Q3: Does age explain happiness according to the ANOVA? Why or why not?

Now load the full data instead of just the first 1,000 rows.

Now let’s try to look at long term trends grouping respondants into categories by year. In R, you’d do this with the aggregate function. The first example below calculates the mean happiness or health. The second calculates the percentage of people who are very happy or in excellent health. The latter approach is better for this data, since it’s categorical.

mean.by.year <- aggregate(cbind(HEALTH,HAPPY) ~ YEAR,data=df,mean)

pct.less.than.two <- function(x){ 100*sum(as.numeric(x) < 2)/length(x) }
pct.by.year <- aggregate(cbind(HEALTH,HAPPY) ~ YEAR,data=df,FUN=pct.less.than.two)

You can make a scatterplot of these data using ggplot or another tool. You might want to plot a single variable over time, or plot health and happiness against each other.

ggplot(pct.by.year) + geom_point(aes(x=YEAR,y=HAPPY))
ggplot(pct.by.year) + geom_point(aes(x=HEALTH,y=HAPPY))
ggplot(pct.by.year,aes(x=YEAR,y=HAPPY)) + geom_point() + geom_smooth(method="lm")

Q4: To understand how well these variables are correlated, you can use Pearson’s correlation and/or fit a linear regression. If you fit a linear regression, spend some time researching the assumptions. Calculate the correlation coefficient and p-value for each combination of variable (health and year, happiness and year, health and happiness). In R, the function is called ‘cor.test’. Are they correlated? How well? What does this mean?

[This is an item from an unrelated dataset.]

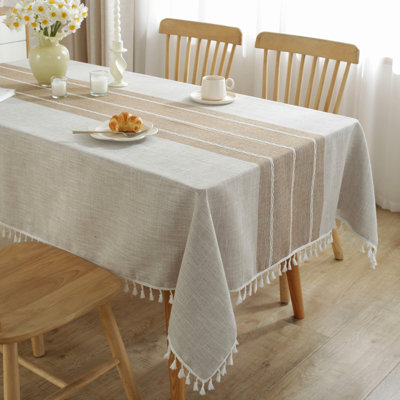 Tablecloths for Rectangle Tables, Cotton Linen Table Cloth Waterproof Tablecloth Wrinkle Free Farmhouse Dining Tables Cover, Soft Fabric Table Cloths with Tassels, Brown, 55" X 86", 6-8 Seats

Q5: Next, fit a regression model with HAPPY as the dependent variable, and YEAR and HEALTH as the independent variables (features). How good is this regression model? What does it mean?

Part 2: On your own now

For the next part of this assignment, you’ll go out on your own:

Q6: Define three hypotheses about additional variables that may be correlated with happiness. You’ll need to reference the code book. Why do you think these may or may not be correlated with happiness?

Q7: Using methods like those in part 1, explore whether or not the data supports your hypotheses.

Q8: Using a binary classification model (like logistic regression) combine all these factors to make one synthesized model (including age and health from above as well). Since logistic regression is a binary classification model, you’ll need to reduce the HAPPY variable to 2 levels (e.g., HAPPY = 1 or 2 and HAPPY = 3). Explain your decision here and how it may impact the results. What does the model tell you about happiness and what is correlated with it? Make sure to look into the assumptions made by a logistic regression and check these.

Extra Credit

EC1: Finally, try a multi-class classification model like a random forest, neural network, or support vector machine. How well or poorly does this work? Which variables contribute most to your model (i.e., can you explain what contributes most to happiness using this model?).